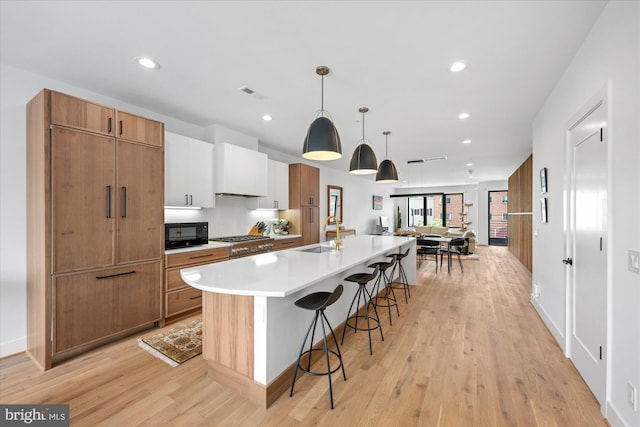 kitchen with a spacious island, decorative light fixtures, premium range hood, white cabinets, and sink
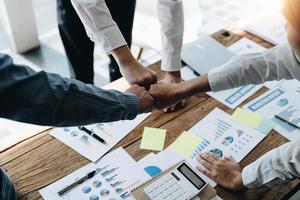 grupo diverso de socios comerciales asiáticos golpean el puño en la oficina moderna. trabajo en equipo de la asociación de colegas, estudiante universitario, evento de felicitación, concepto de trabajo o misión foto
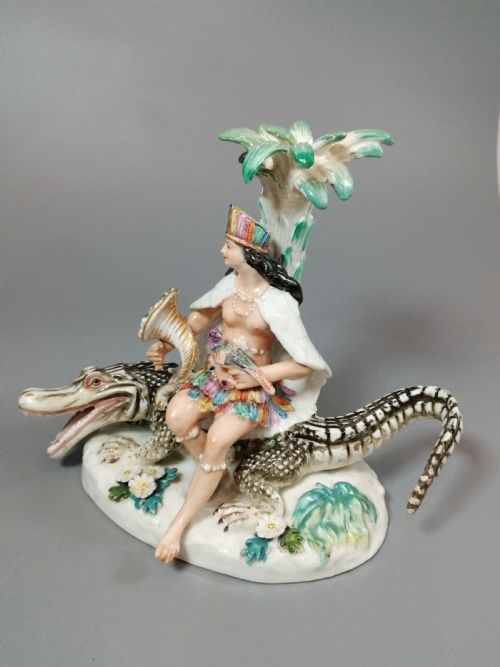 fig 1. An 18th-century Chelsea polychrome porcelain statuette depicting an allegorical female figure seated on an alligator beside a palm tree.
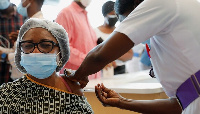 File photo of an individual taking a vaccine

==

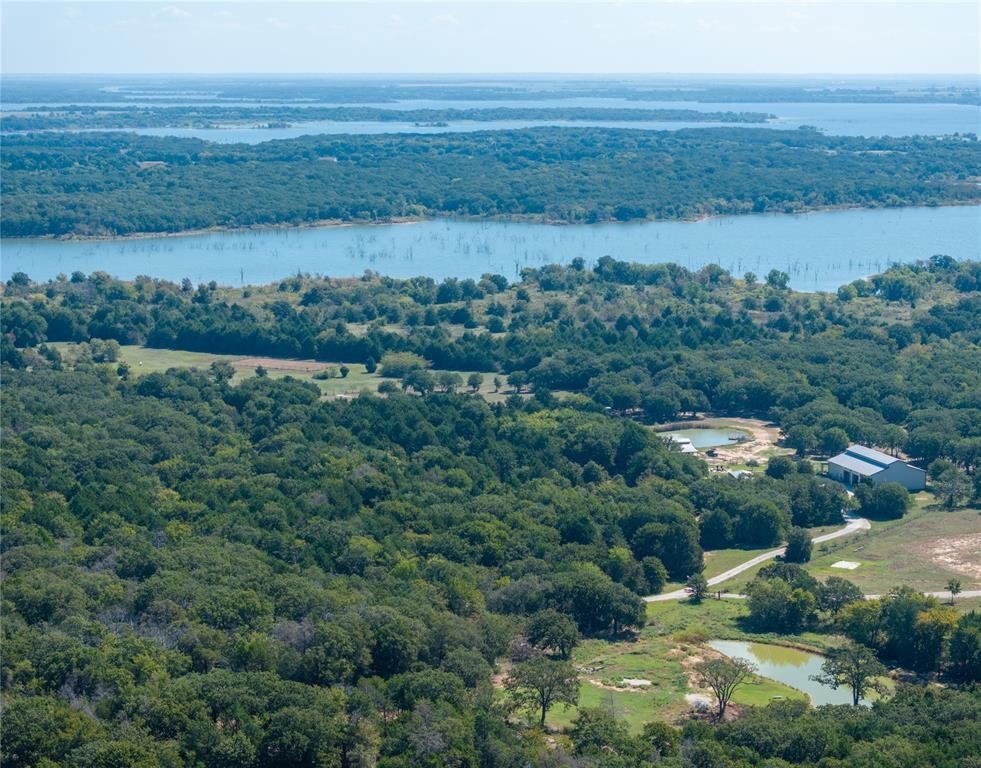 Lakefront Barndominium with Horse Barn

▶ **Exercise**:
Using the entries above, transcribe exactly from the line that has "fig 1. An 18th-century" through the line that has "File photo of an individual taking a vaccine". Pictures are dropped.

▶ **Reply**:
 fig 1. An 18th-century Chelsea polychrome porcelain statuette depicting an allegorical female figure seated on an alligator beside a palm tree.
 File photo of an individual taking a vaccine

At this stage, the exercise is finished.